(Records drawn from a dataset)
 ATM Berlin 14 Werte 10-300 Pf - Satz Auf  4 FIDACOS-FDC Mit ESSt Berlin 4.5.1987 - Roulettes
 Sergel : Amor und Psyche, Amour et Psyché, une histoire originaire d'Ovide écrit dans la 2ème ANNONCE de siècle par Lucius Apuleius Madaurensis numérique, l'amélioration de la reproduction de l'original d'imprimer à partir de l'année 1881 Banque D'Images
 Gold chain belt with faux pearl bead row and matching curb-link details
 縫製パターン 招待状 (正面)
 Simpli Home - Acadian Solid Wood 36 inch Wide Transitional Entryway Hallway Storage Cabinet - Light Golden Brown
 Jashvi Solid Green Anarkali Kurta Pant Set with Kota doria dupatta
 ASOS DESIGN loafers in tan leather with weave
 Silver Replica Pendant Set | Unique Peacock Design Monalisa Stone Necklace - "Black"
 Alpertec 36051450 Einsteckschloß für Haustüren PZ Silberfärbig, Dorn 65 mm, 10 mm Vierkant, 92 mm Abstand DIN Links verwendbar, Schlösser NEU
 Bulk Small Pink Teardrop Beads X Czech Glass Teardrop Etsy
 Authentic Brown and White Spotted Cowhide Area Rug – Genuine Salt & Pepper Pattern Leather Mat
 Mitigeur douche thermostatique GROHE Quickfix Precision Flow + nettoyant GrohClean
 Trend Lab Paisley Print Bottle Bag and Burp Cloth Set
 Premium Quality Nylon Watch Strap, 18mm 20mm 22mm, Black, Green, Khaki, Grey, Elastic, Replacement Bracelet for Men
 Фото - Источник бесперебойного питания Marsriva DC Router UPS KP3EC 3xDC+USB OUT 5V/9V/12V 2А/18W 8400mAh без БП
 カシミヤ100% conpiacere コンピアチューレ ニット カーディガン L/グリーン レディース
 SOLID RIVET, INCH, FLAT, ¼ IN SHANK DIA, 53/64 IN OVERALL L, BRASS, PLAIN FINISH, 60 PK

Prompt: Please make an exact copy of the lines above from the line with "ASOS DESIGN loafers" through the line with "Bulk Small Pink", both ends included.

Exercise output:
 ASOS DESIGN loafers in tan leather with weave
 Silver Replica Pendant Set | Unique Peacock Design Monalisa Stone Necklace - "Black"
 Alpertec 36051450 Einsteckschloß für Haustüren PZ Silberfärbig, Dorn 65 mm, 10 mm Vierkant, 92 mm Abstand DIN Links verwendbar, Schlösser NEU
 Bulk Small Pink Teardrop Beads X Czech Glass Teardrop Etsy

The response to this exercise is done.